The interpretation the log-scale is quite difficult. However, if we backtransform we get an interpretation in terms of geometric means and fold changes.

```{r}
2^(log.model$coefficients)
```

and of their confidence intervals:

```{r}
2^(confint(log.model))
```

Now, we can interpret the results in terms of the geometric mean:

- The slope:

The geometric mean of the forced expiratory volume is a factor
`r log.model$coefficients[2] %>% abs %>% 2^. %>% round(2)` larger for smoking
pupil than for non-smoking pupil
(95% CI [`r confint(log.model)[2,] %>% 2^. %>% abs %>% round(.,2)`]).
This difference is extremely significant (p << 0.001).

Note that we can also interpret as follows because the factor is between 1
and 2.

The the forced expiratory volume is on average
`r ((log.model$coefficients[2] %>% abs %>% 2^. %>% round(2))-1)*100`% larger for
smoking pupils than for non-smoking pupils
(95% CI [`r ((confint(log.model)[2,] %>% 2^. %>% abs %>% round(.,2))-1)*100`]).

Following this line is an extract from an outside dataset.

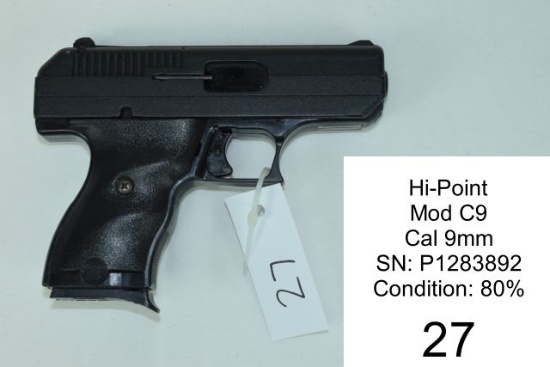 Hi-Point    Mod C9    Cal 9mm    SN: P1283892    Condition: 80%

**NOTE THAT THE CONCLUSION IS WRONG BECAUSE THE TWO GROUPS OF PUPILS ARE NOT**
**COMPARABLE. THERE IS CONFOUNDING!**

Indeed, the FEV study is an observational study: smoking pupils are on average
older than non-smoking pupils and age is associated with both the smoking
behavior and long capacity. If we do not account for age the age effect is
partially captured in the estimated effect for smoking!

- The intercept:

The geometric mean of the forced experatory volume for non-smoking pupils
is  `r log.model$coefficients[1] %>% 2^. %>% round(2)`l
(95% CI [`r confint(log.model)[1,] %>% 2^. %>% abs %>% round(.,2)`]l).
This value is extermely significantly larger than 1l (p <<< 0.001). Note, that
the statistical test on the intercept is typically not reported.


In the tutorial of multiple regression, we will revisit this exercise and do
an analysis where we correct for this confounder. More specifically, we will
there study  the association between smoking and FEV while accounting for
differences in the age, height and gender of the children.